Минимизация значения разума в возникновении государственных институтов, политической деятельности и вообще человеческой истории, продемонстрированное в учении о политике и "Истории Англии", завершается всесторонней критикой рационалистического антропоморфизма, особенно ярко представленного в "Диалогах о естественной религии".
Основы пяти блоков наук о природе человека (Логика, Учение о страстях (аффектах), Теория вкуса и морали, Политика) в основном были заложены в Трактате о человеческой природе.
В облегченной версии Трактата – Первом исследовании (главные «изобретения» Юма сохранены и его намерения потревожить фанатиков любой ценой усилены двумя дополнительными главами: "О чудесах" и "О провидении и будущей жизни", а довольно абстрактные рассуждения на метафизические темы заменены сконцентрированным и живым изложением той же проблематики в главе "Об академической и скептической философии".

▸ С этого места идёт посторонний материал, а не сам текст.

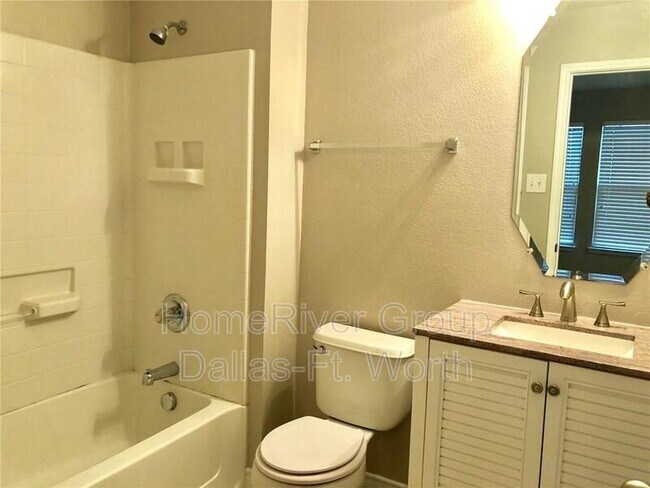 Foto del edificio - 7423 Pineberry Rd
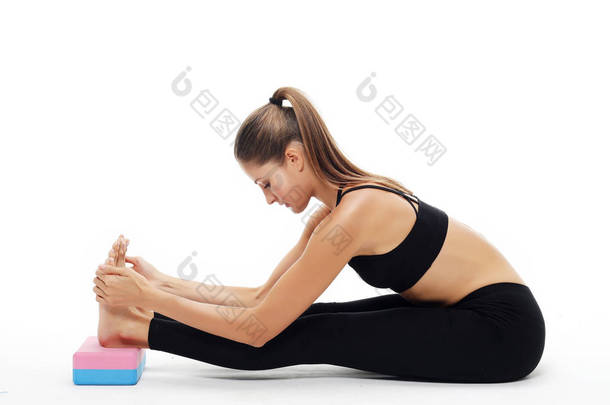 使用瑜伽块练习瑜伽的年轻女子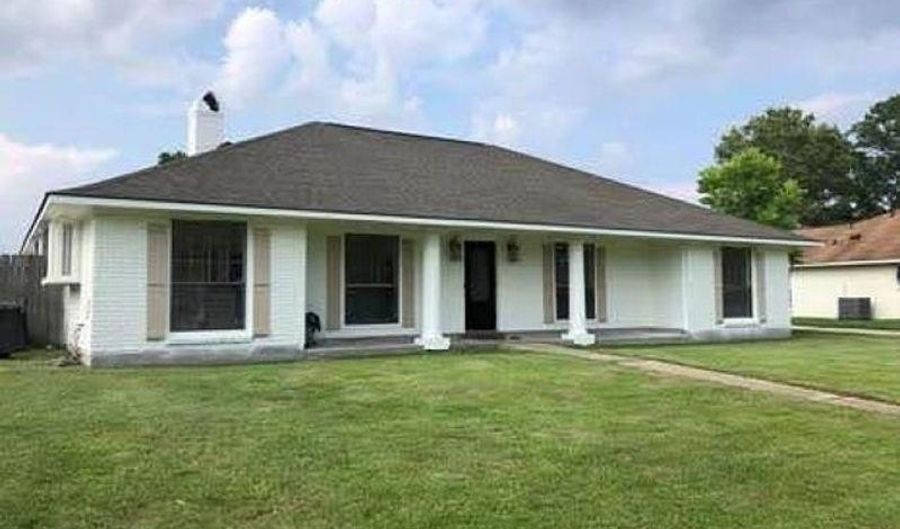 13523 Willowridge Ave, Baton Rouge, LA 70817 - 3 Beds, 2 Bath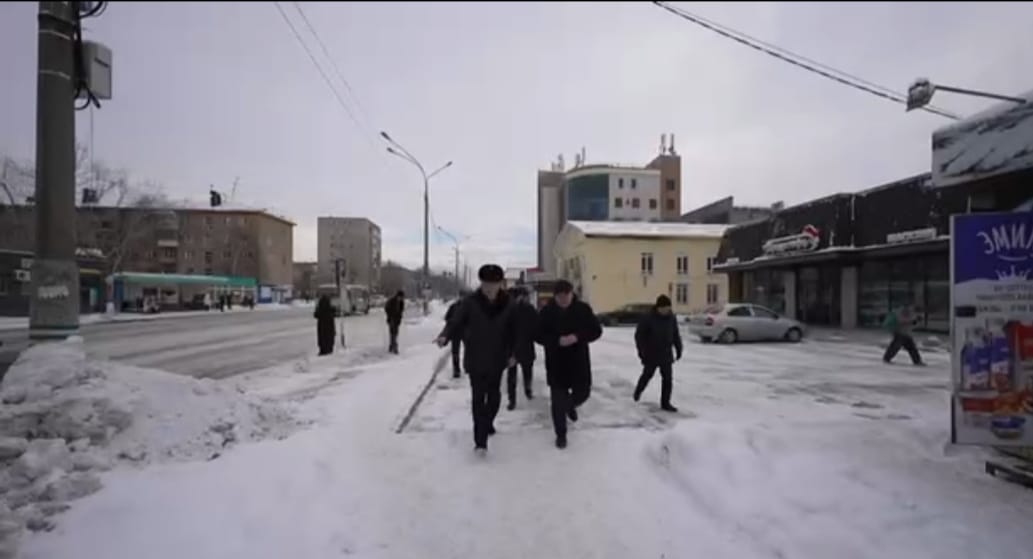 Аким ВКО проверил очистку улиц Усть-Каменогорска от снега и работу транспорта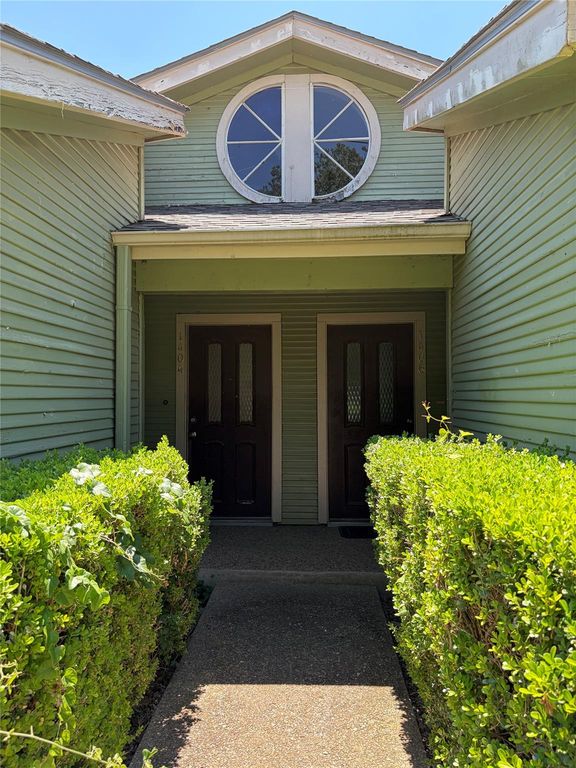 1404 Andra LN, San Marcos, TX 78666
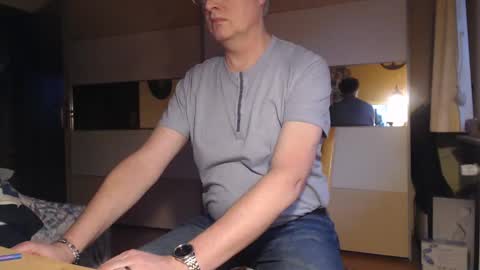 Snapshot of ach471 chatting on 02-28-25, 04:53 ach471 online show from 02-28-25, 04:53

Некоторые изменения в учении о вкусе и морали касаются усиления влияния нормативной эстетики классицизма в оценках произведений искусства (оценка Шекспира в Приложении к "Истории Англии") и сближением с хатчесоновским инстинктивизмом во "Втором исследовании о морали". Это означает, что Юм возвращает моральному чувству антицендентный характер, свойственный хатчесоновской версии теории морального чувства (ср. 40, 64). Соответственно происходит умаление оперативного значения роли симпатии в формировании этических оценок и мотивации моральных действий. Теперь ему, видимо, представляется, что такой подход более естественно оправдывает экстраполяцию данных интроспекции о «Я» на «Мы».
Юмовский запрет на дедукцию суждений о долженствовании из суждений о сущем не всегда соблюдается им самим. Считая общественный договор философской фикцией, а естественное состояние поэтической фантазией, Юм утверждает искусственное происхождение справедливости из общественной потребности в стабильности собственности и выдвигает своеобразный категорический императив, в котором предписывается должное поведение субъекту под угрозой деструкции общественного порядка при несоблюдении предписываемых норм. Не менее характерен его завет – философствуйте сколько угодно, но и в своем философствовании оставайтесь человеком, который может быть истолкован в том смысле, что его исследование природы человека, человеческой истории, может быть неожиданно для философа, привело к нарушению им же установленного запрета дедукции должного из сущего. Сущность феноменального мира человека скрывает в себе императив, хотя и не выводимый из наличного бытия, быть человечным, и это подразумевает некий образ человека, достойного этого звания. Но этот красноречивый экзистенциальный императив молчаливо признает, что самокритика теории нашего пучкообразного Я остается в силе, а неопределенный принцип, связующий личность в целостность, оказывается свободой. Свобода независимого выбора или отказа от человеческой сущности и означает принципиальную непредсказуемость и неопределенность исторических судеб конкретных людей, но оставляет возможность вероятностного подхода в научных исследованиях и оценках макросоциального процесса, что и было опробовано близкими друзьями и соотечественниками Д. Юма А. Смитом и А. Фергюсоном еще при его жизни.
Последнее крупное произведение Юма "История Англии" носит прикладной характер. Это возвращение на землю из глубинного погружения в метафизику человеческого духа и описание его земного бытия без помощи христианского провиденциализма и всяких претензий на исчерпывающее объяснение, и тем более на предсказание дальнейших перспектив человечества. Этим шотландский философ отличается от преисполненных футурологического оптимизма адептов века Просвещения. Юм не ожидал скорейшего искоренения невежества и политических предрассудков, так же как и религиозных суеверий, о чем он иронически поведал А. Смиту незадолго до своей кончины.